-- Required work --
Go to the line holding "map of restaurants, bars, coffee" in the data below and repeat it exactly, then each line after it up to and including the one holding "Bluebell Arch Clay". Omit pictures.

Web page caption snippets:
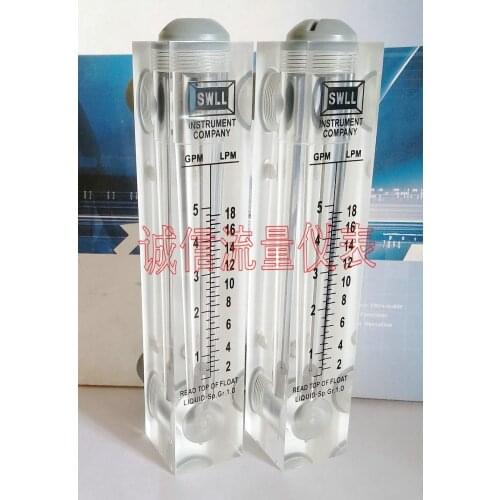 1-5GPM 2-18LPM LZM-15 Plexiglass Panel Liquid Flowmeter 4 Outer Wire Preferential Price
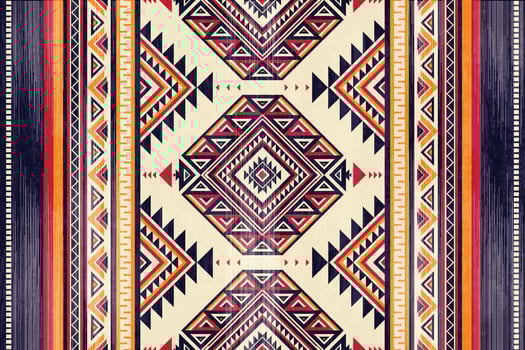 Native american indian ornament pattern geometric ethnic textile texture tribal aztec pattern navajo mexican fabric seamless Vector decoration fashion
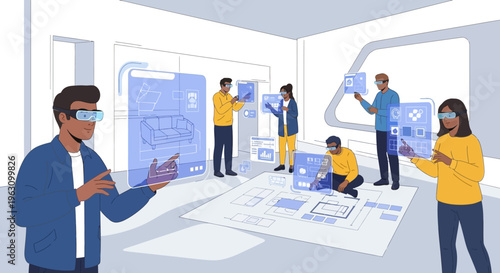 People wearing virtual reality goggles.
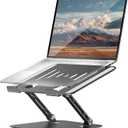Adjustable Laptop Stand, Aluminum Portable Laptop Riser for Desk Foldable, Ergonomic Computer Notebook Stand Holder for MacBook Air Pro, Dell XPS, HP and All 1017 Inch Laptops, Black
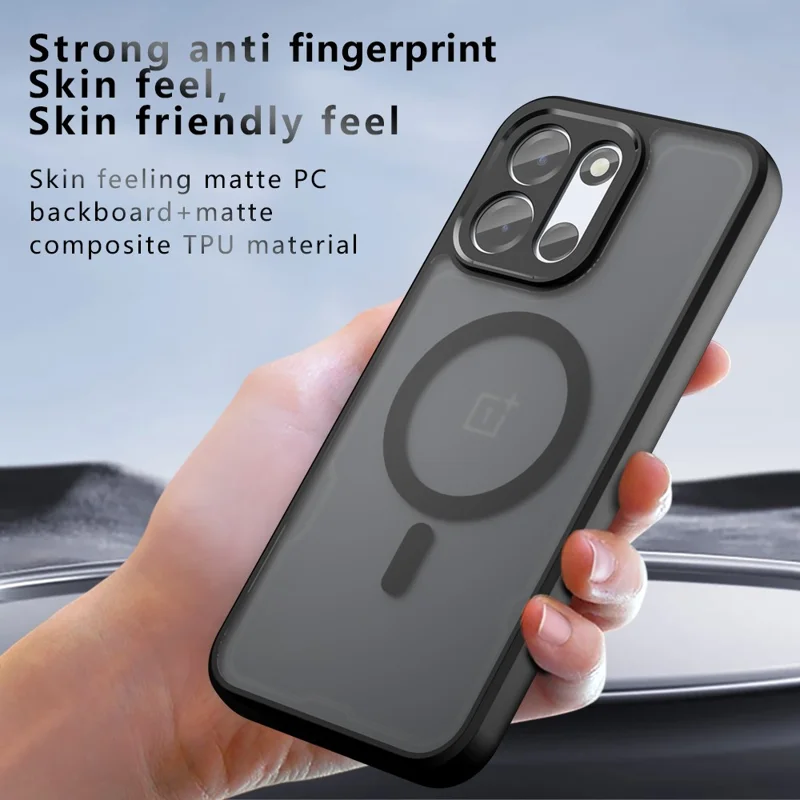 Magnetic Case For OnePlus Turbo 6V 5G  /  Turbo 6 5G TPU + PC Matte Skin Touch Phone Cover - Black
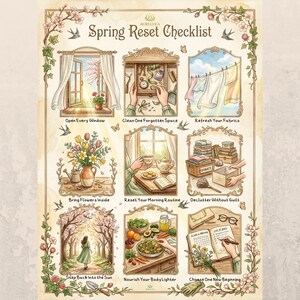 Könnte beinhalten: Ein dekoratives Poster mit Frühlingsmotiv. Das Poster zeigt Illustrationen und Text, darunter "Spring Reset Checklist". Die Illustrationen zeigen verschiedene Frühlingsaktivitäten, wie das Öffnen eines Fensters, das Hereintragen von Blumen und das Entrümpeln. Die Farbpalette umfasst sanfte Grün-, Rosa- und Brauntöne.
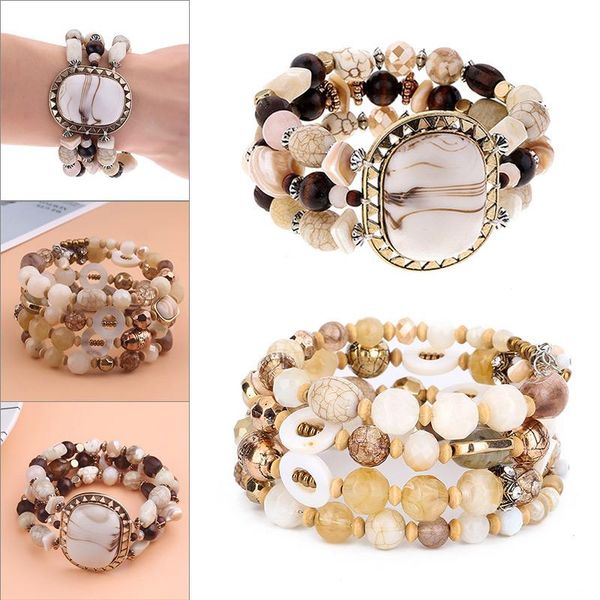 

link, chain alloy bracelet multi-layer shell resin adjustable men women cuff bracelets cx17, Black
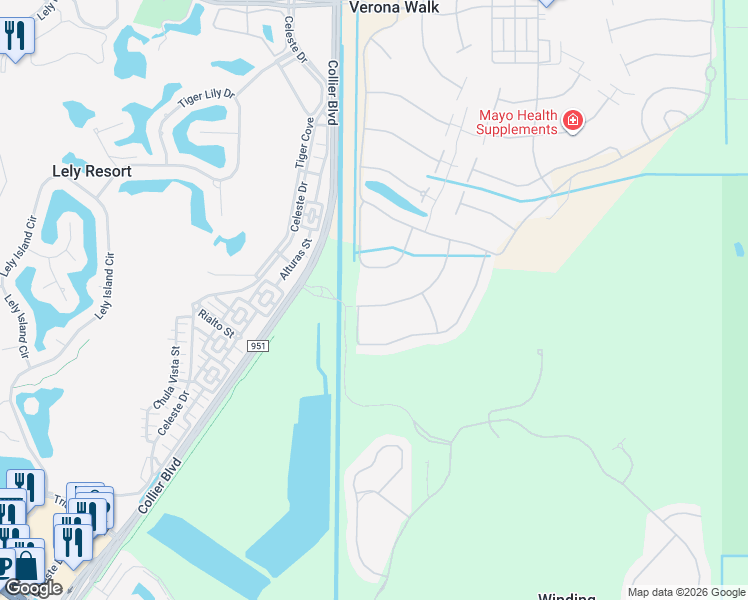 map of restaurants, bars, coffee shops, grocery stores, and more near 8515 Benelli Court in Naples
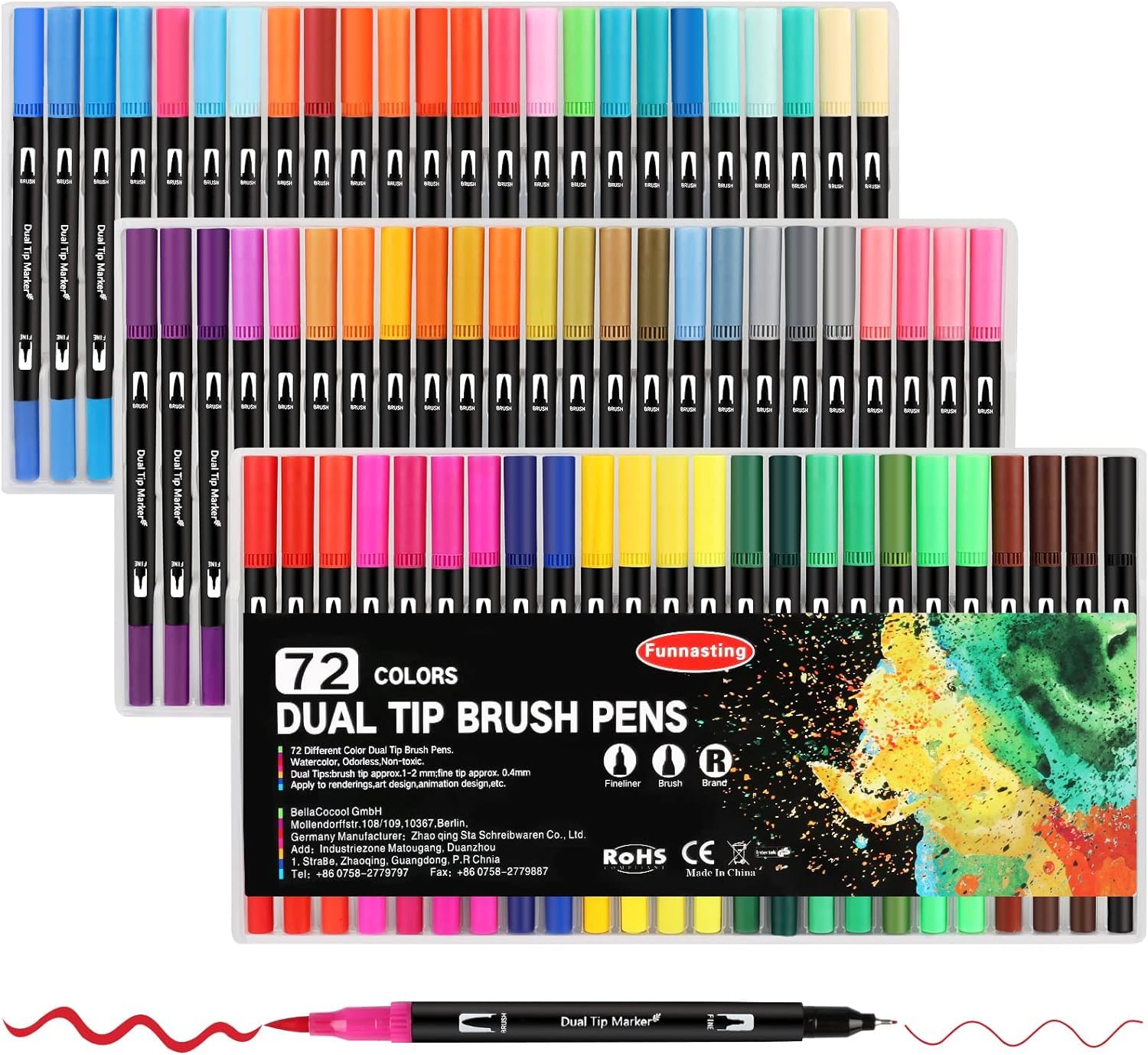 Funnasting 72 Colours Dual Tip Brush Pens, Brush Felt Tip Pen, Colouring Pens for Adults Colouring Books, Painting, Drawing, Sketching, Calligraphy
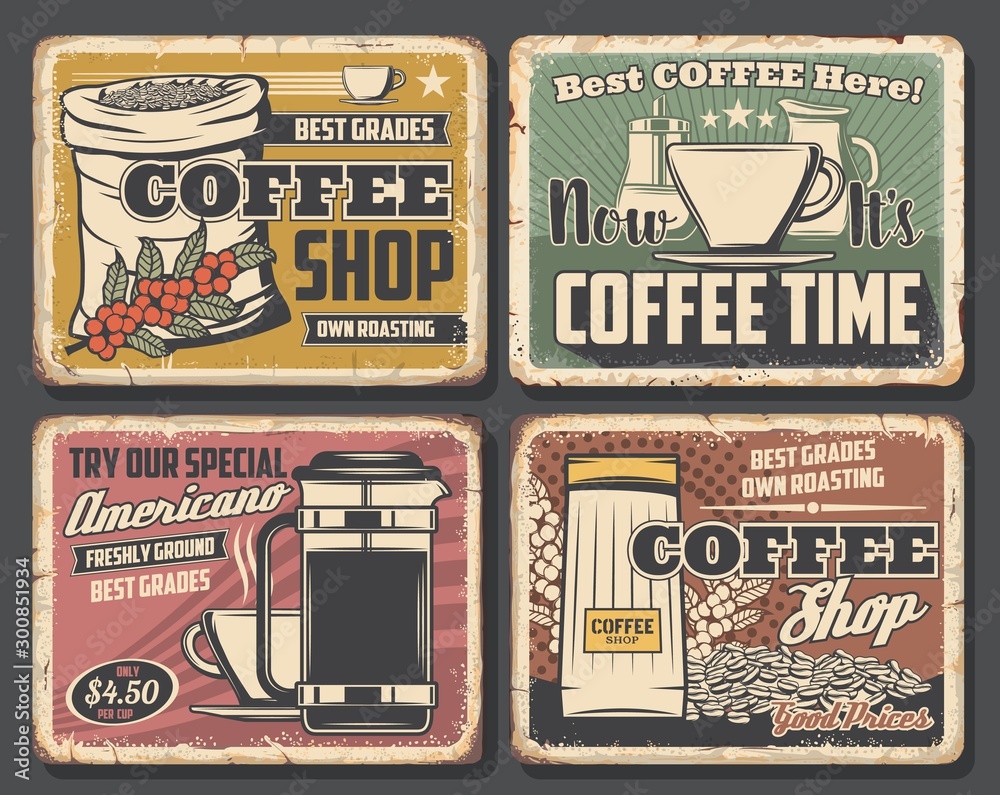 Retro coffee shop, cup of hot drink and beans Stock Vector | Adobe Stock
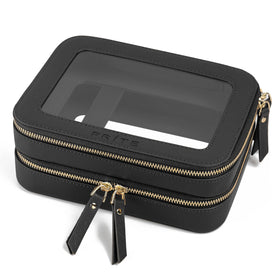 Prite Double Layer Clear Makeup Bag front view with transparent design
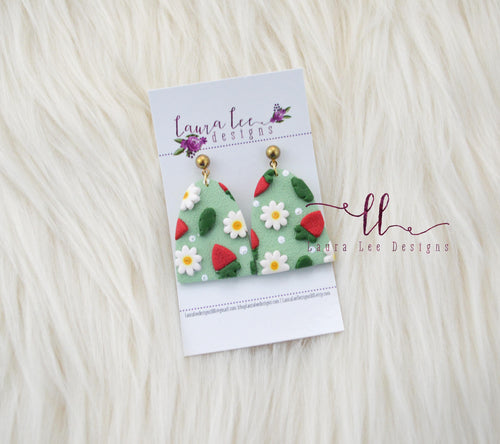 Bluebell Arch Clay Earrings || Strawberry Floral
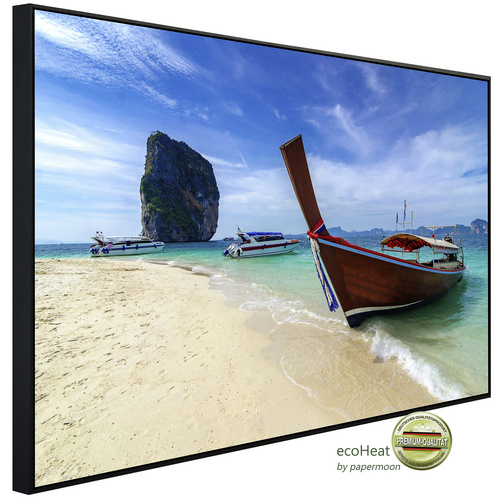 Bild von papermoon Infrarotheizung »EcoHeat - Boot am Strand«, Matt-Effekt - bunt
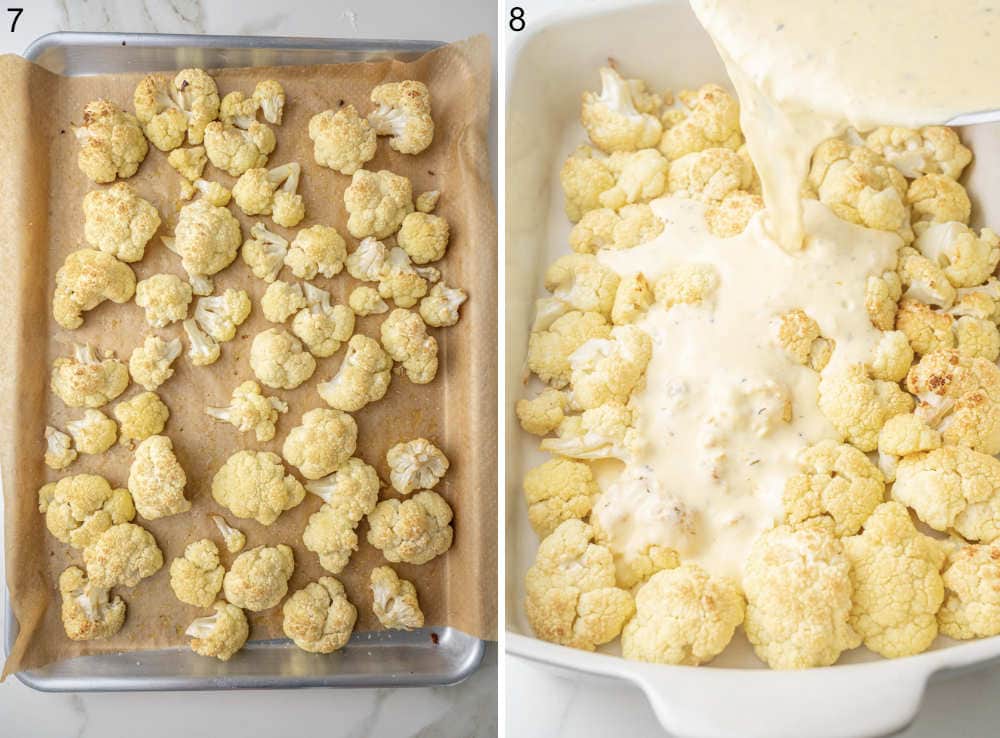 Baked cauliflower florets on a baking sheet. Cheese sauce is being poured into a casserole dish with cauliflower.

-- Expected output --
 map of restaurants, bars, coffee shops, grocery stores, and more near 8515 Benelli Court in Naples
 Funnasting 72 Colours Dual Tip Brush Pens, Brush Felt Tip Pen, Colouring Pens for Adults Colouring Books, Painting, Drawing, Sketching, Calligraphy
 Retro coffee shop, cup of hot drink and beans Stock Vector | Adobe Stock
 Prite Double Layer Clear Makeup Bag front view with transparent design
 Bluebell Arch Clay Earrings || Strawberry Floral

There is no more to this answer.